Ready Player Two

I finished reading Ready Player Two by Ernest Cline on Wednesday. The best things about the book are . . .

  1. It continues the story of the characters from Ready Player One, which is nice for anyone with an interest in reading about what happens to Wade Watts and his friends after winning Halliday’s prize.
  2. It has a happy, at least on the surface, ending that is a real ending and not merely the lead-in to another sequel.
  3. This quote:

Kira always said that life is like an extremely difficult, horribly unbalanced videogame. . . . Your body is your avatar, and you spawn in a random geographic location, at a random moment in human history, surrounded by a random group of people, and then you have to try to survive for as long as you can. . . . Some people play the game for a hundred years without ever figuring out that it’s a game, or that there is a way to win it. To win the videogame of life you just have to try to make the experience of being forced to play it as pleasant as possible, for yourself, and for all the other players you encounter in your travels. Kira says that if everyone played the game to win, it’d be a lot more fun for everyone.

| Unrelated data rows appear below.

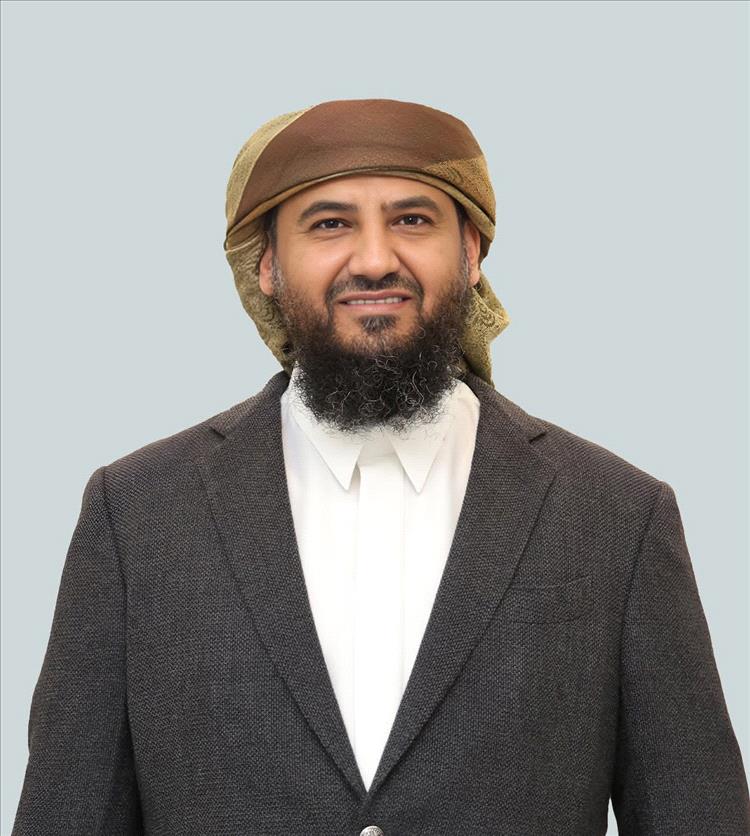 المحرمي يرحب بالمنشق الحوثي: باب الوطن مفتوح لكل من تاب ورفض مشروع الكهنوت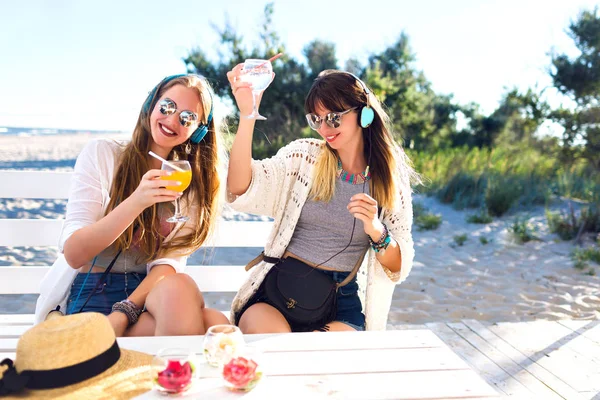 Jovens Mulheres Bonitas Bebendo Coquetéis Tropical Cada — Fotografia de Stock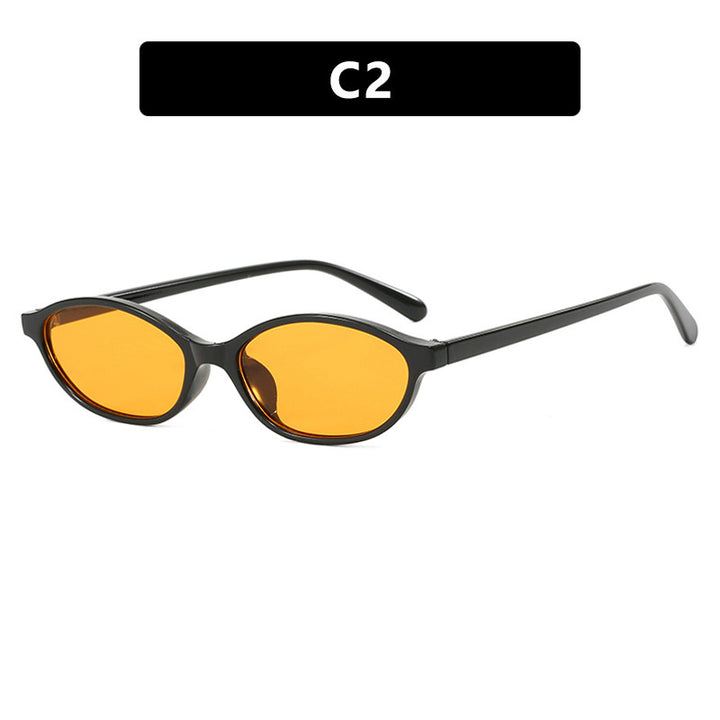 Dame moteriktig solbrille i elegant retro-design Skanto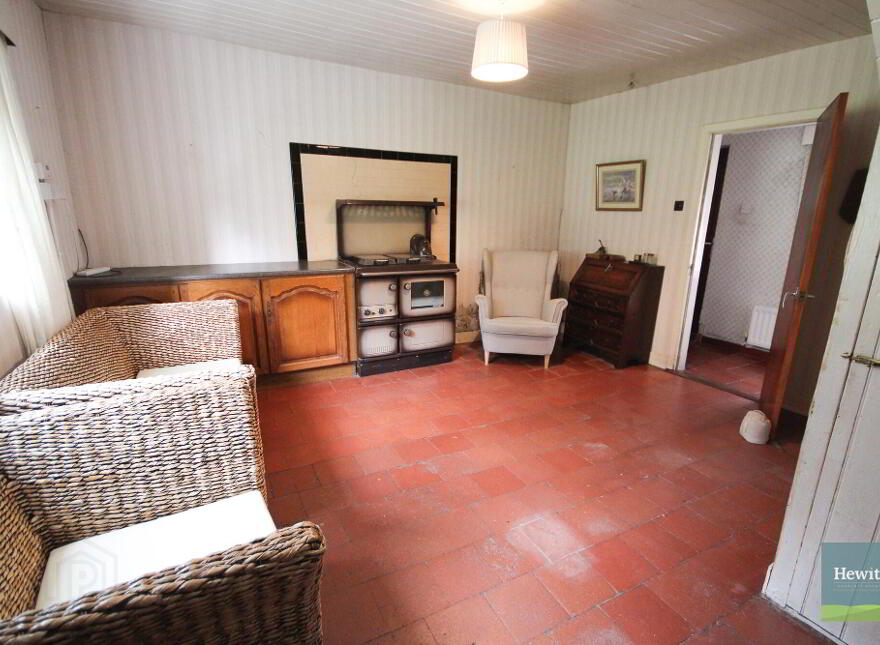 Ballymacauley House, 9 Gosford Road, Collone, Armagh, BT60 1LQ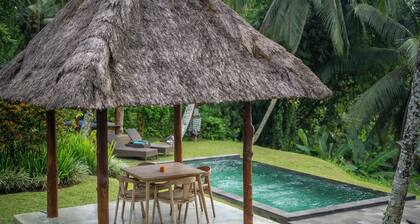 Green Sari Private Villa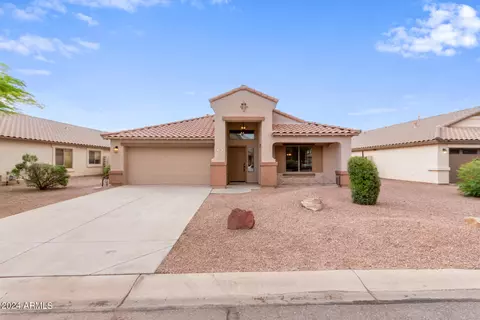 724 E Mule Train Trl, San Tan Valley, AZ 85143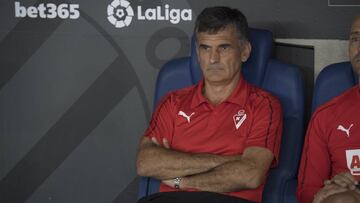 Mendilibar, en el banquillo en el partido entre Eibar y Espanyol.
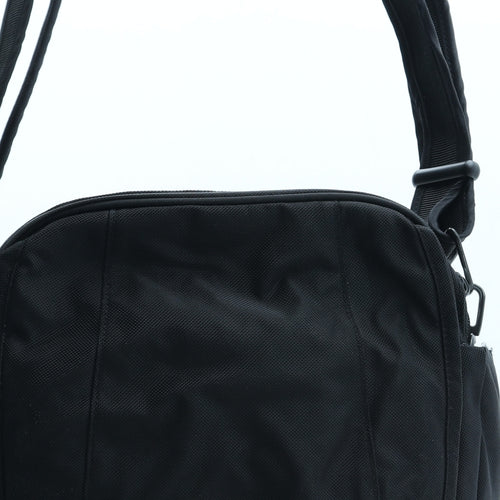 Preworn Mens Black Polyester Crossbody Size Medium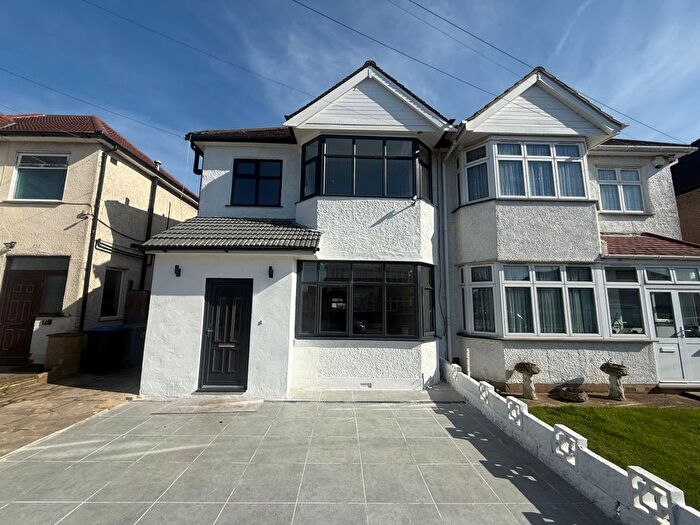 3 Bedroom Flat To Rent In North Way, Kingsbury, NW9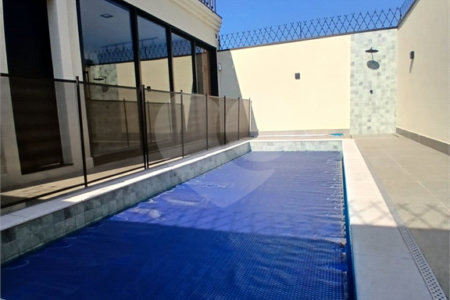 Casa à venda com 3 suítes em Pinheirinho, Vinhedo, SP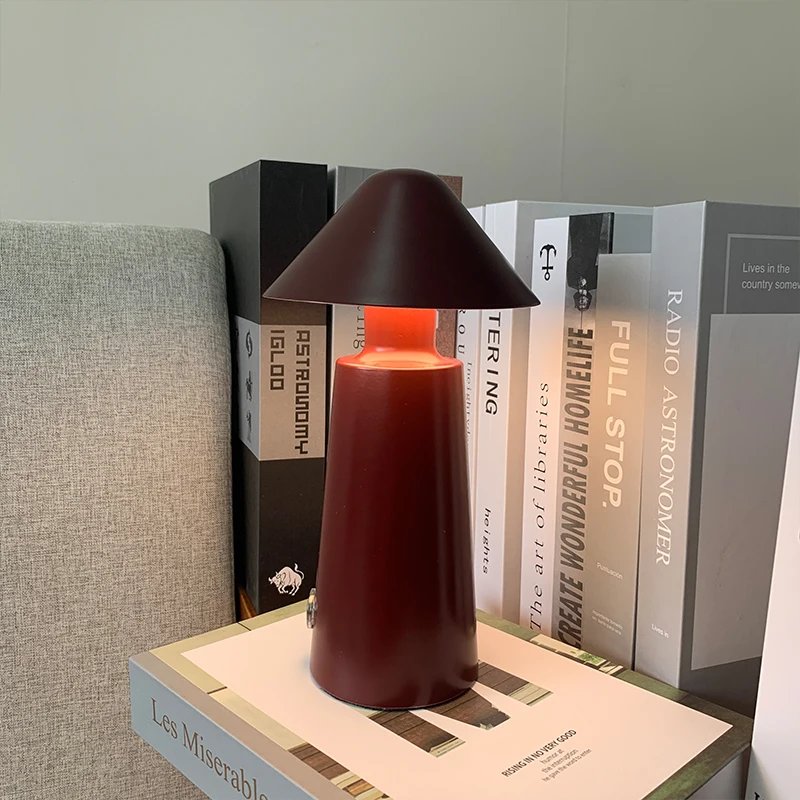Home decor Portable modern bar bedroom restaurant cordless touch light metal rechargeable wine red small room led table lamps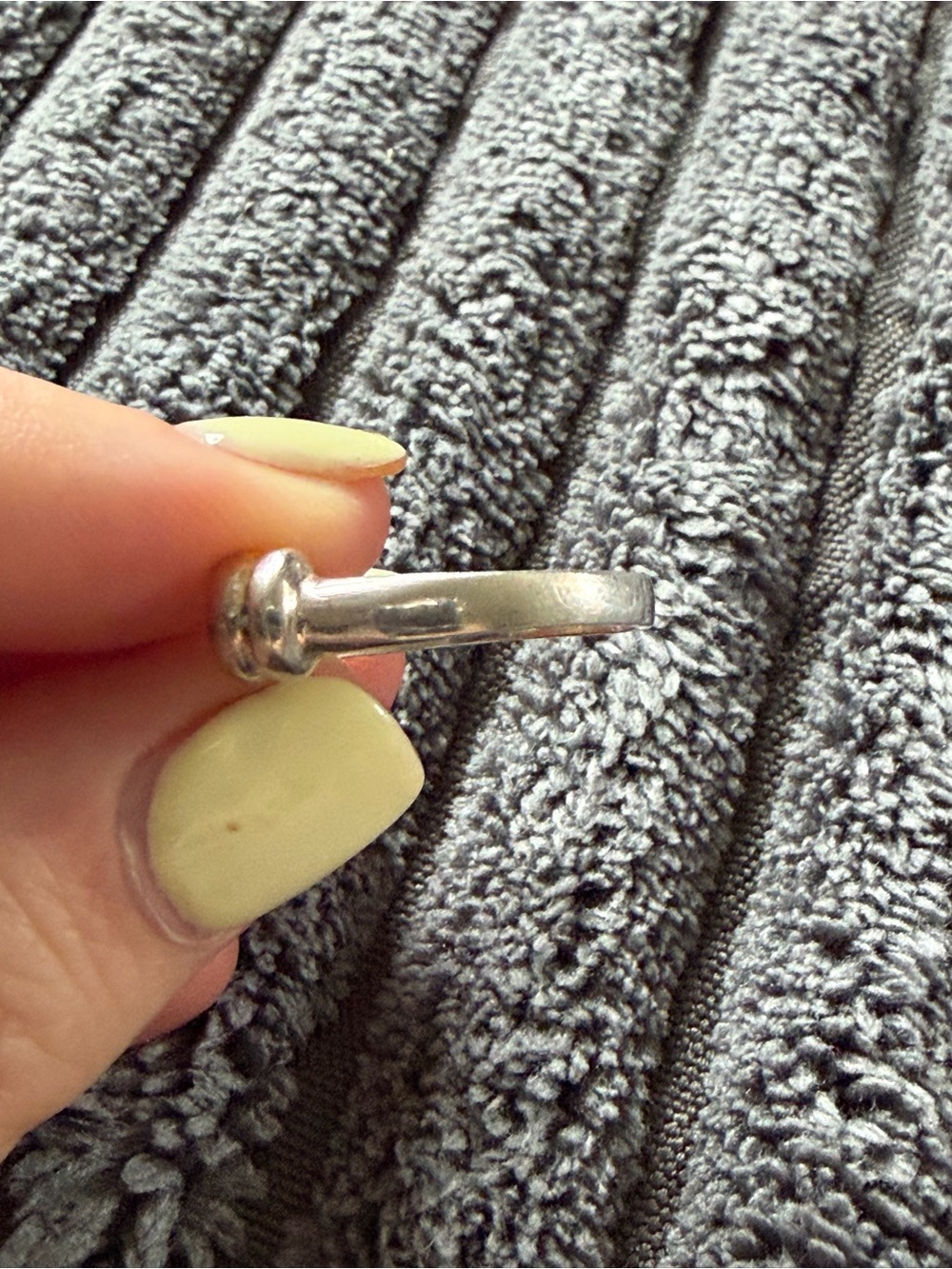 Modern Silver Tone Open Bypass Ring Clear Bezel Set Stones Minimalist Size 7 - Picture 5 of 5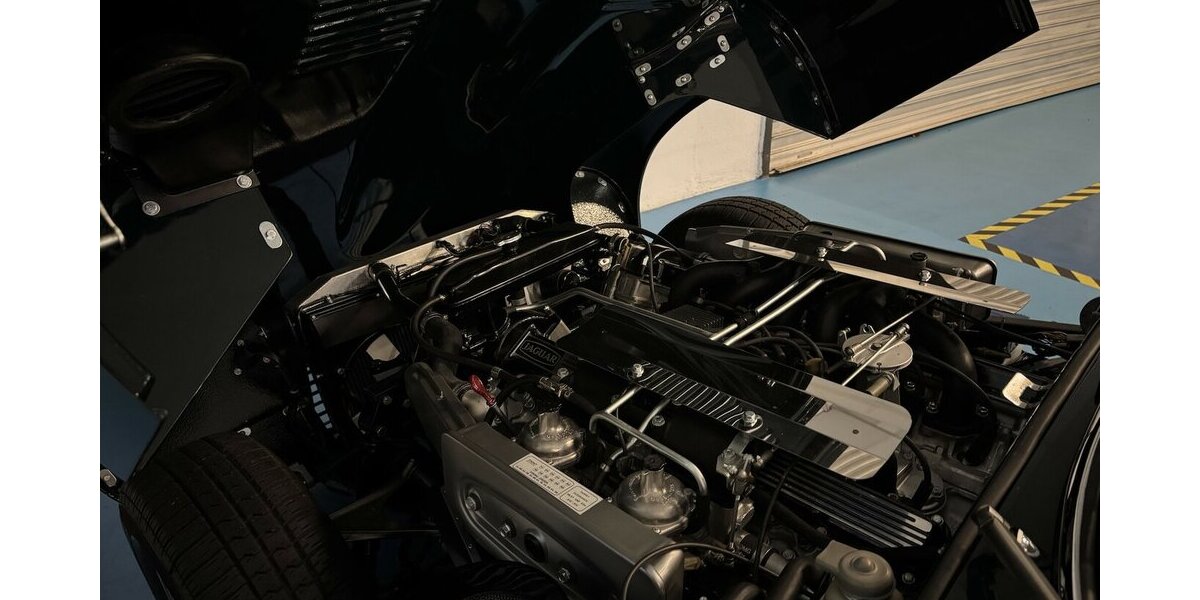 Jaguar E-Type V12 S3 2+2 Speichen/Schalter Zustand 1 75.600 km 119.000 &euro; Dreieich 63303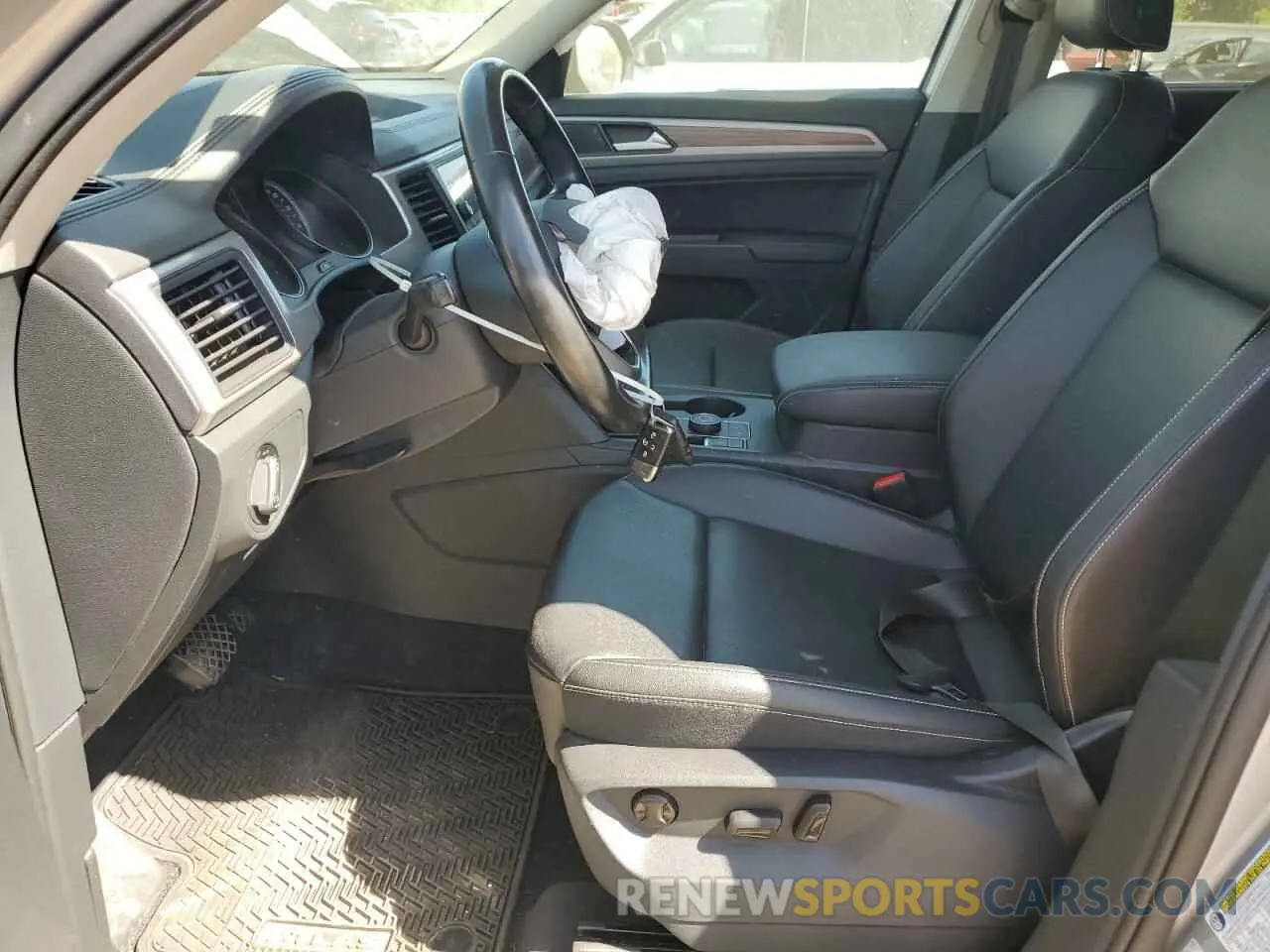 7 fotografías del automóvil dañado 1V2HR2CAXMC514837 VOLKSWAGEN ATLAS 2021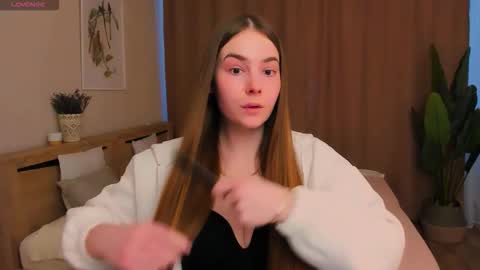 Snapshot of _cuddle_bug_ chatting on February 18, 8:43 am Erika online show from February 18, 8:43 am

The worst things about it are, sadly, just about everything else. The impression the book gives is that the author was encouraged to repeat the formula from the first book and to do it fast, fast, fast. And it seems as if he tried to recreate the magic from the first book while also correcting some of the flaws, but without really understanding which was which. The result is a tedious read that manages to spoil even some of the magic from the first book. If you want to read more about it, I recommend this review, which explains some aspects of it much better than I could, from Slate.com: “From the perspective of anyone but Wade, Ready Player Two is a horror story that thinks it is a fantasy, narrated by a monster who thinks he is the hero.”